Na sociedade moldada pelo modo capitalista de produção, ele explica, vigora a lei da troca de equivalente por equivalente, salvo no que diz respeito à força de trabalho, cujo consumo produz um excedente que faz o bolo do capital crescer. Ocultando o mundo subterrâneo da produção, vale para todo o resto o princípio da igualdade, ancorado na troca generalizada, da esfera da circulação de mercadorias ao Parlamento, norma que o movimento histórico da classe trabalhadora tratou de universalizar por meio da luta política contra todos os obstáculos e anacronismos que a burguesia ia botando no caminho. Mas aqui há uma ruptura histórica entre o mundo do trabalho e a centralidade moderna da política.
Segundo o critério burguês, se todas as desigualdades deviam aparecer como uma injustiça inaceitável, também era inegável a matriz política do dano a ser reparado, bem como plausível enxergar, nos mesmos termos políticos, a exploração econômica como uma desigualdade intolerável, demandando assim a compensação de um “salário justo”. Portanto, não deveria surpreender que a decomposição da sociedade salarial tenha decretado o fim da política, bem entendida como forma histórica de igualação de interesses e direitos correlatos. E o fim da política numa sociedade antagônica é sinônimo de violência explosiva, daí a militarização generalizada e a conversão do Estado social em Estado penal.
Mas a política que se tornou irrelevante é a política burguesa implementada com o braço esquerdo das lutas das classes oprimidas, que forçaram sua entrada no jogo da troca de equivalentes em igualdade de condições. No passado, foi o que salvou o capitalismo da autodestruição, mas como essa simbiose contraditória entrou em colapso, a guerra retornou. Porque o Estado não cessa de transferir poder para o mercado – o neoliberalismo é isto, uma tecnologia de poder para que haja mercado, e não a despeito do mercado, para corrigir suas disfunções – quer dizer, transfere cada vez mais soberania para as empresas, até o limite do poder punitivo penal.

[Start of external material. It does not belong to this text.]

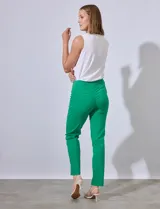 Pantalón de vestir color beige, marca Zac & Rachel, confeccionado en gabardina elastizada. Presenta pretina ancha con faja interna modeladora, largo de pierna con costura frontal pespunteada y bolsillos ojal simulados en la parte trasera.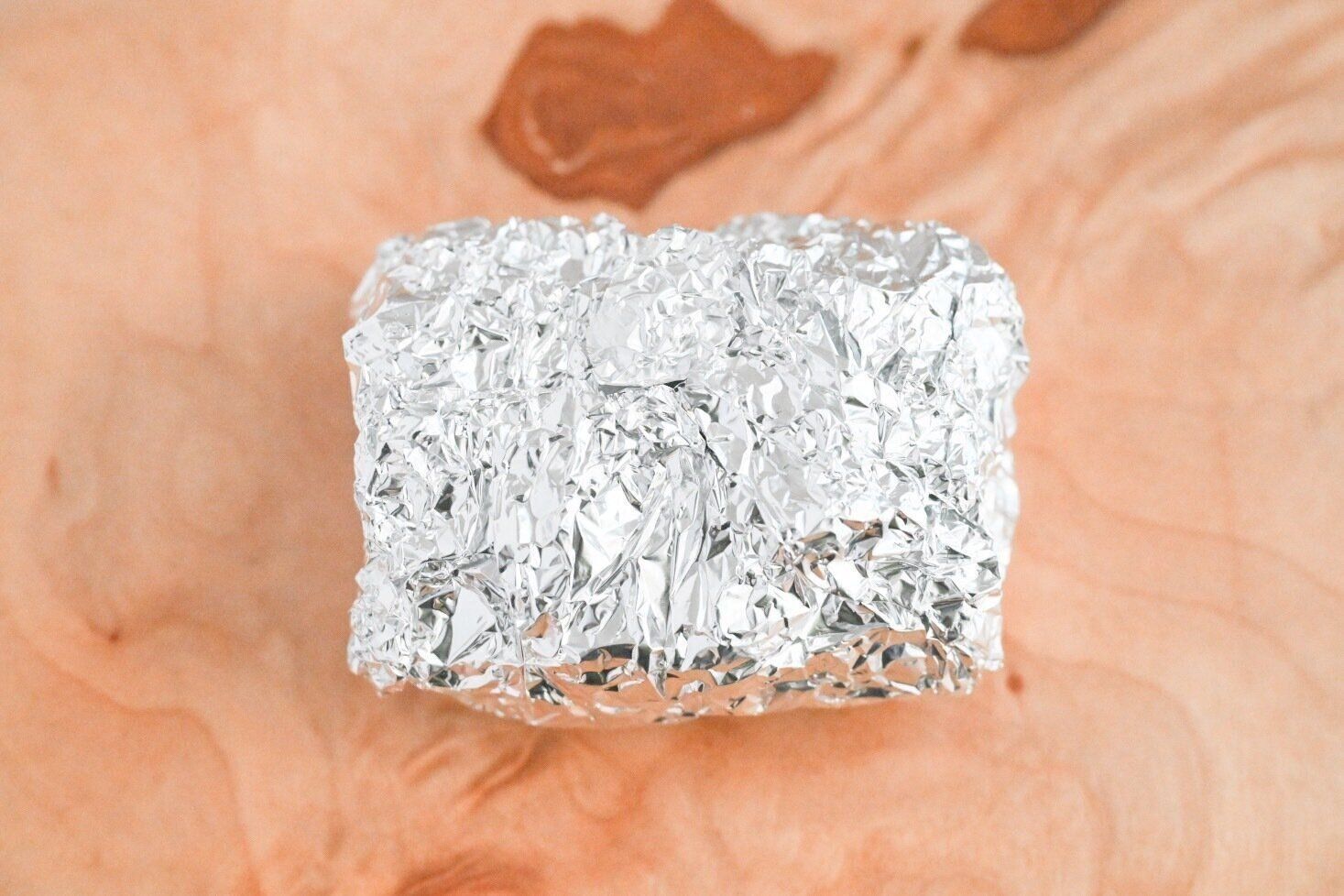 アルミホイルで包んだ豚肉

Infelizmente, na periferia do sistema, isto é, no Brasil, não se formou esse sujeito coletivo capaz de enfrentar a nova soberania empresarial que hoje dispõe inclusive de milícias próprias e um sistema judiciário particular. De forma que o novo nome do jogo é exploração nua e crua, tão mais intensa quanto mais o trabalho vai se tornando redundante e o emprego escasso, uma forma brutalizada de controle social, sem contar o decorrente encarceramento em massa.
O jogo da falecida política também se inverteu: são as empresas soberanas que administram as políticas de sua conveniência, sobretudo as públicas, da TV digital à gestão do aterro sanitário social onde nos metemos até o pescoço. Para identificar o novo sujeito coletivo, é preciso olhar para o mapa da exploração. Ao redistribuir pelo planeta suas cadeias produtivas, ao subcontratar, terceirizar, informalizar, precarizar, as grandes corporações estão reordenando as relações entre espaço e poder mundo afora, isto é, estão favelizando, suburbanizando, bunkerizando etc.
No entanto, numa economia tocada por uma falsa mercadoria como a informação, cuja riqueza livre é subtraída pela apropriação empresarial, cedo ou tarde chegaremos também ao coração da cadeia de comando, pois afinal informação sem uma inteligência viva que a decifre é arquivo morto. Para desarmar a maldita ratoeira, Arantes é categórico: precisaríamos inventar uma “outra campanha”, algo que conjugasse desobediência civil e mobilização em massa.
Enquanto o coletivo não vem, individualmente já estou fazendo a minha parte: tentando ampliar os níveis da consciência, atualmente tão embaçada por tantas falcatruas discursivas. Graças à Semana da Consciência Negra e às apropriações aranteanas. O meu bom filósofo e as pessoas de todas as raças não vão se importar: afinal, é por uma boa causa.